In order to deal with the triplets, we have constructed a new database which contains 1000 triplets. Each triplet consists of an image and two relating captions. Using CrowdFlower crowd-sourcing platform, each of the captions within the triplet was
given a score, based on an average score from 7 contributors, for how accurately it depicts the image, on a scale of 1 to 10 (with 1 being ”The text doesn’t describe the imageat all”, and 10 being ”The sentence provides an appropriate description of the image”).

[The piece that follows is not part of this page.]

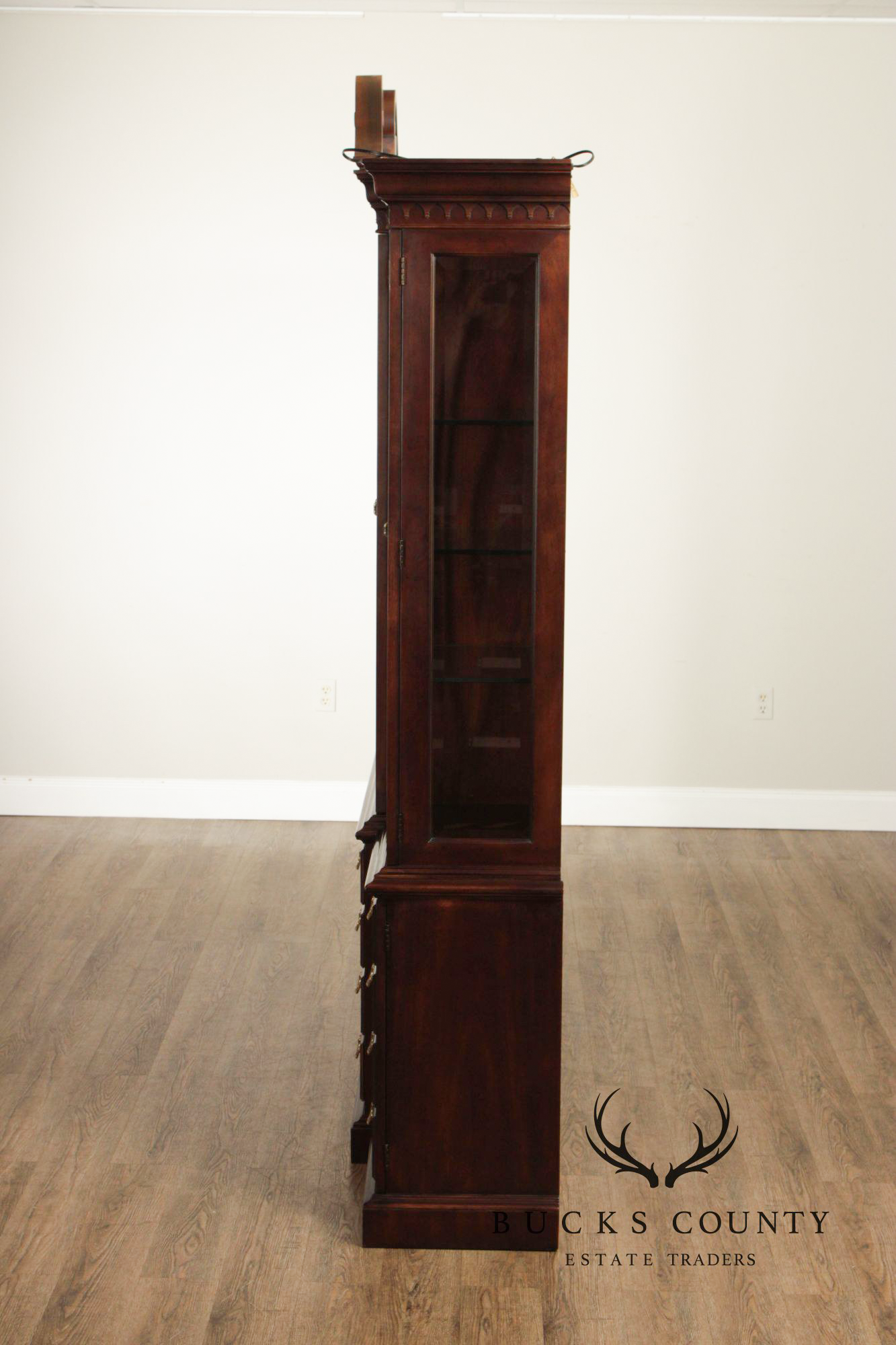 Henredon Rittenhouse Square Mahogany China Cabinet Breakfront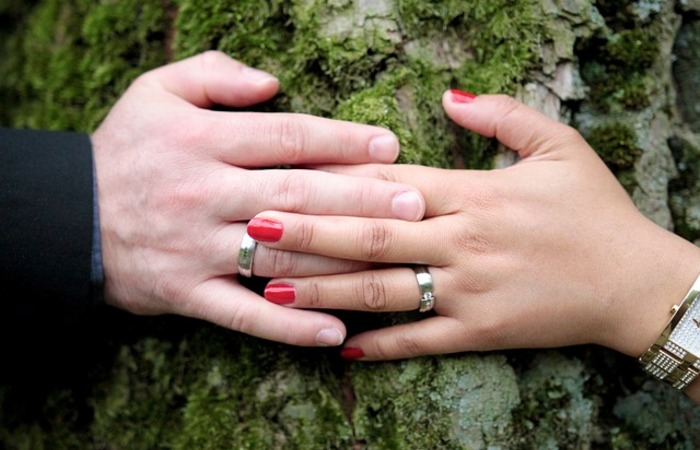Tiga Alasan Mengapa Cincin Pernikahan Ada di Jari Manis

We based our dataset on two known sentence-based image description datasets: the
Flickr30K dataset and the IAPR TC-12 dataset. We needed to project each
pair of image-caption vectors to the same space, thus we used Princiapl Component
Analysis (PCA), Deep Canonical Correlation Analysis (DCCA) and Shared
Layers ability (Shared Representation) for that matter. Two classifiers were
then trained for the mission of properly identifying the most accurate caption for the
image:
First classifier (regressor) reviews the triplet and gives each image-caption pair a
score (from 1 to 10), based on the CrowdFlower rating results. The pair with the
higher score refers to the caption that describes the image better.
Second classifier (regressor) reviews the triplet and learns which caption depicts
the image most, based on the CrowdFlower rating results.
We present this dataset and the relating classifiers, and intend for them to be of broad
interest across Natural Language Processing (NLP) and Computer Vision (CV) researchers. We anticipate that these communities would put the data into use in a broader range of tasks than we can foresee.